Pictures with short captions

=== Begin Enclosure ===

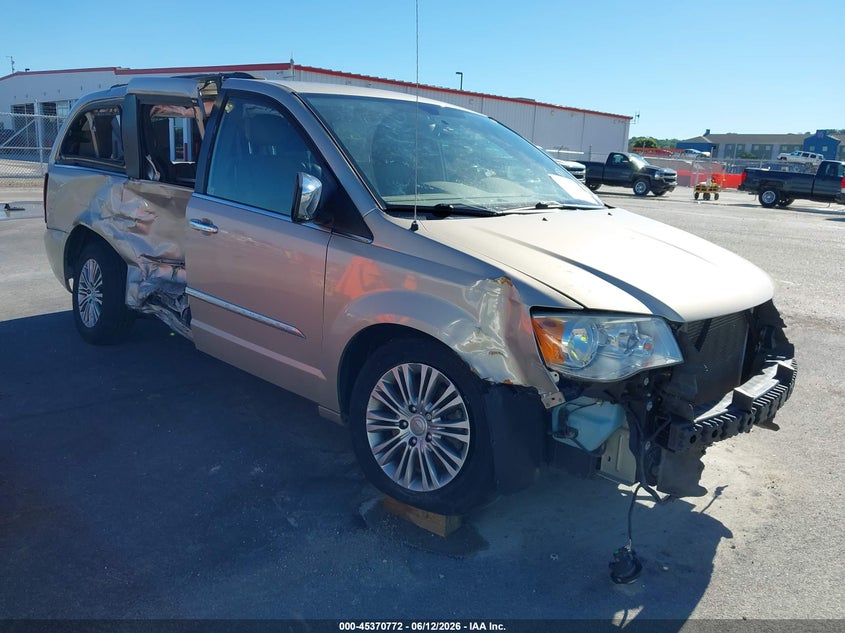 2013 Chrysler Town & Country Touring-L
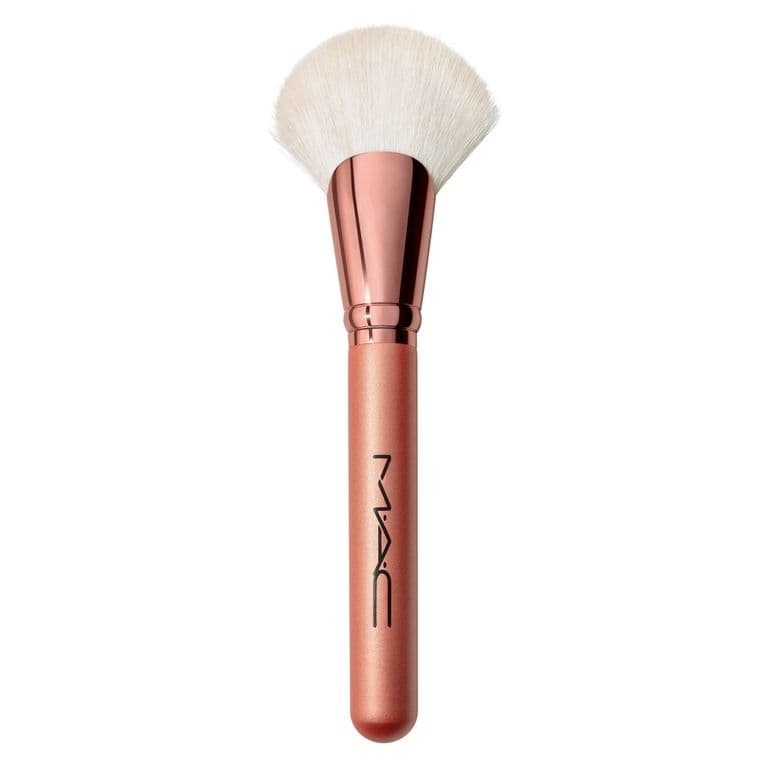 Brocha MAC 143S Bronzer Fan Brush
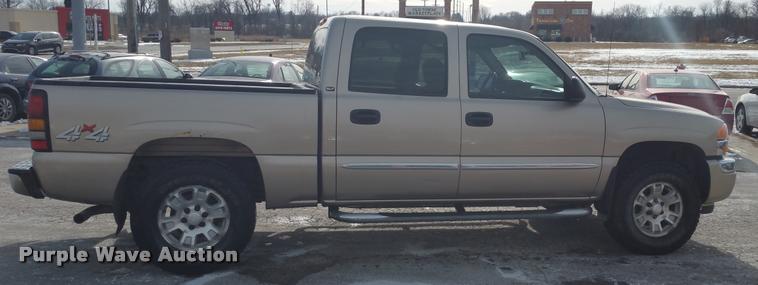 image for item DA5827 2006 GMC Sierra 1500 Crew Cab pickup truck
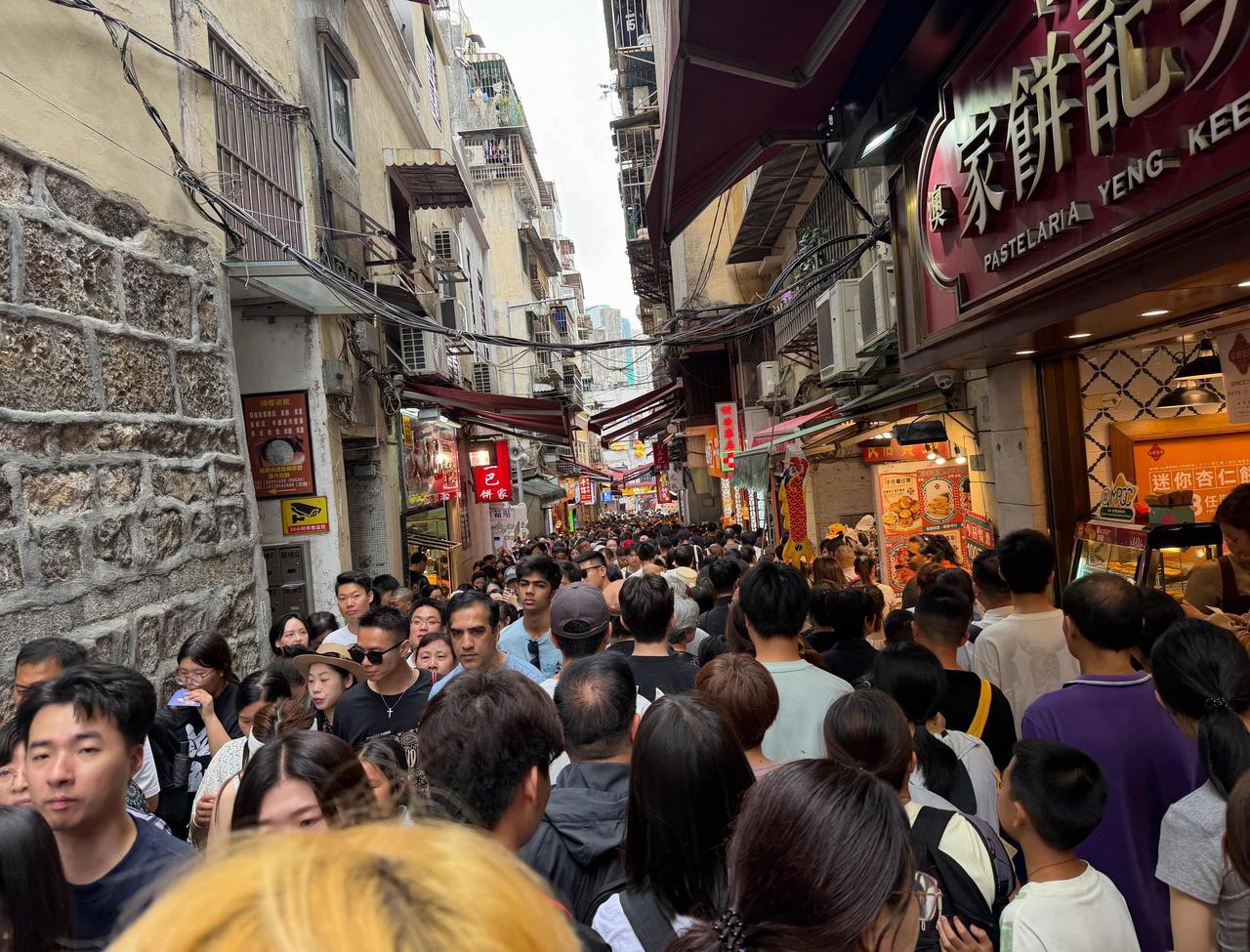 澳门人民怎么也没想到，回归祖国的怀抱后，会有这么多人来这里。

  14亿中国人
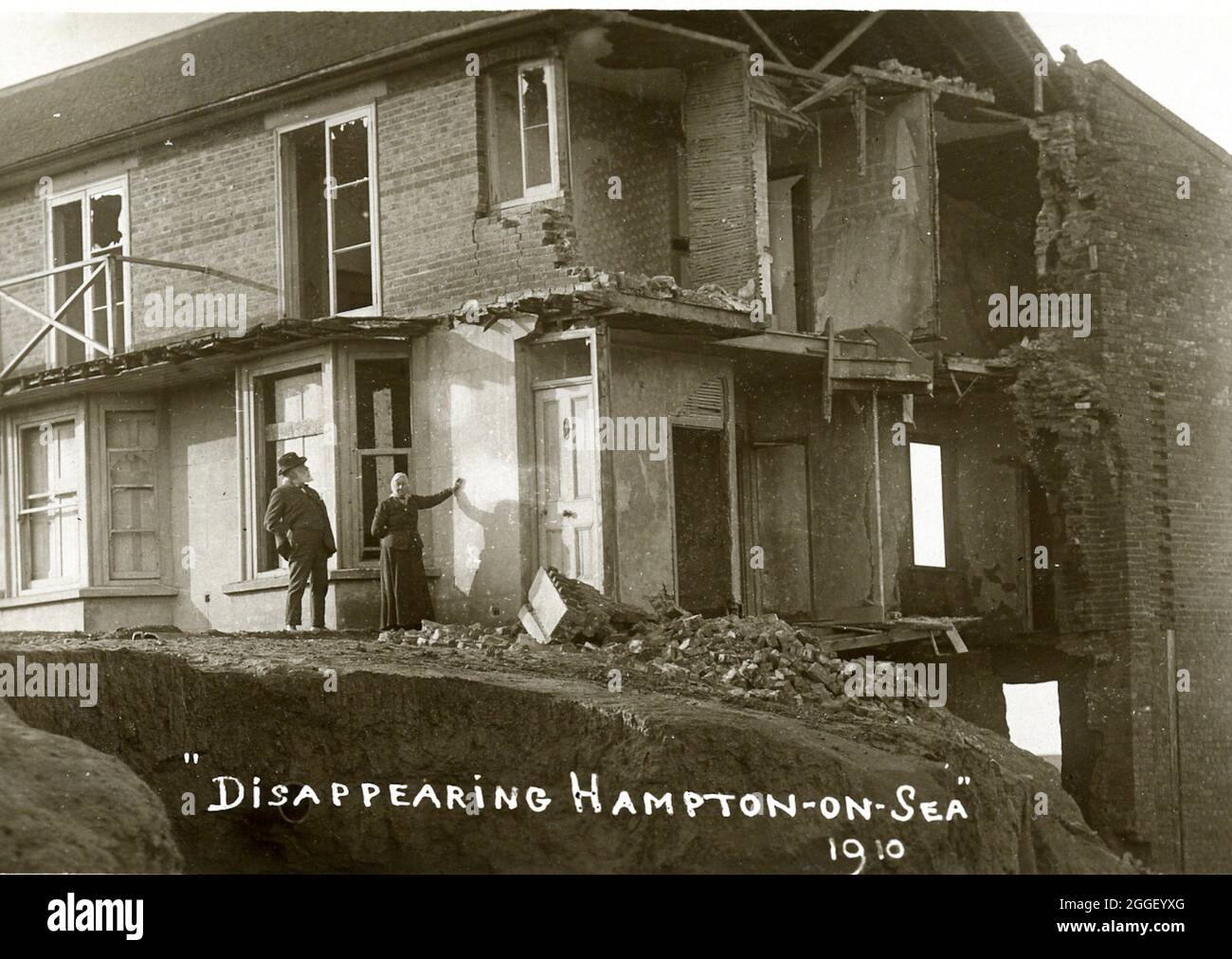 Photographie d'époque de Fred C Palmer - Hampton on Sea, Kent montrant les effets de l'érosion côtière. Banque D'Images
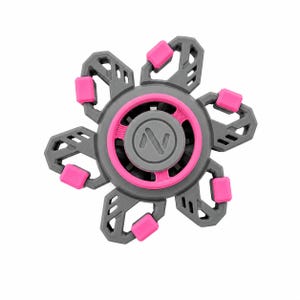 Op de afbeelding: Een grijze en roze fidget spinner met een ontwerp met zes armen. De centrale ronde naaf is voorzien van een gestileerd letter N-logo omringd door een roze ring. Elke arm heeft een grijs geometrisch frame met een klein roze rechthoekig gewicht.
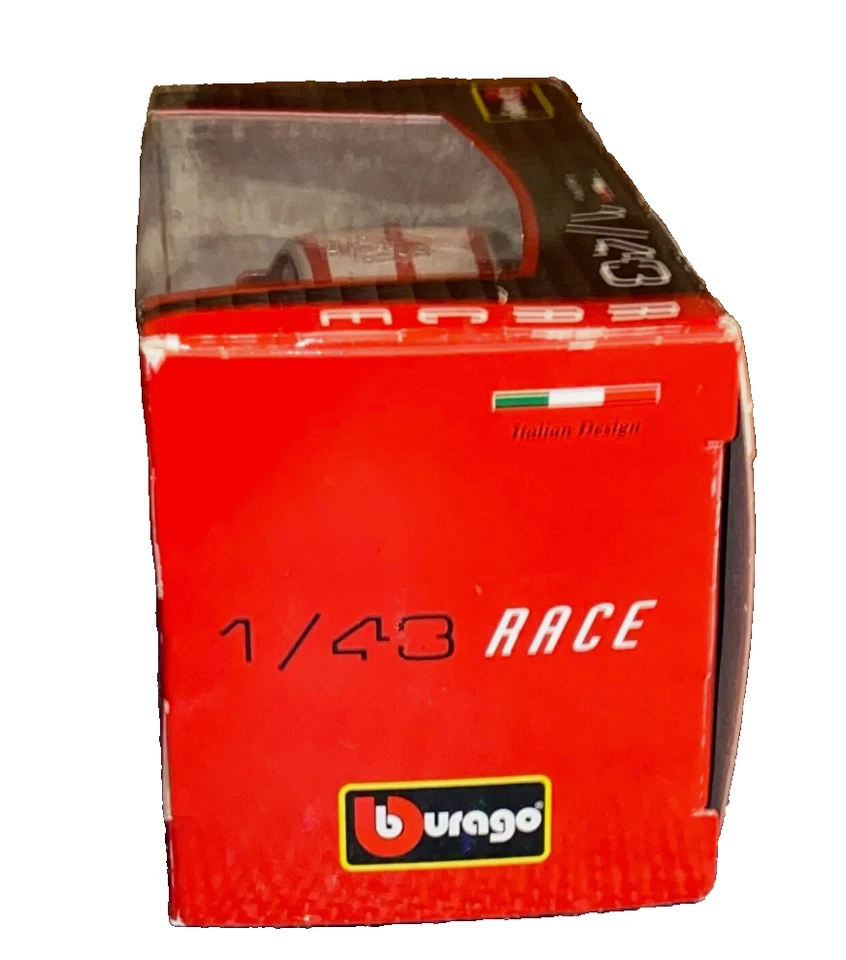 Abarth 500 Burago 1/43 — 第 2/3 张图片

=== End Enclosure ===

§ **DESCRIPTION OF THE TASK**:
Reproduce the records exactly, starting with their first line and ending with the line that contains "Photographie d'époque de", though pictures should be dropped.

§ **WRITTEN RESPONSE**:
 2013 Chrysler Town & Country Touring-L
 Brocha MAC 143S Bronzer Fan Brush
 image for item DA5827 2006 GMC Sierra 1500 Crew Cab pickup truck
 澳门人民怎么也没想到，回归祖国的怀抱后，会有这么多人来这里。

  14亿中国人
 Photographie d'époque de Fred C Palmer - Hampton on Sea, Kent montrant les effets de l'érosion côtière. Banque D'Images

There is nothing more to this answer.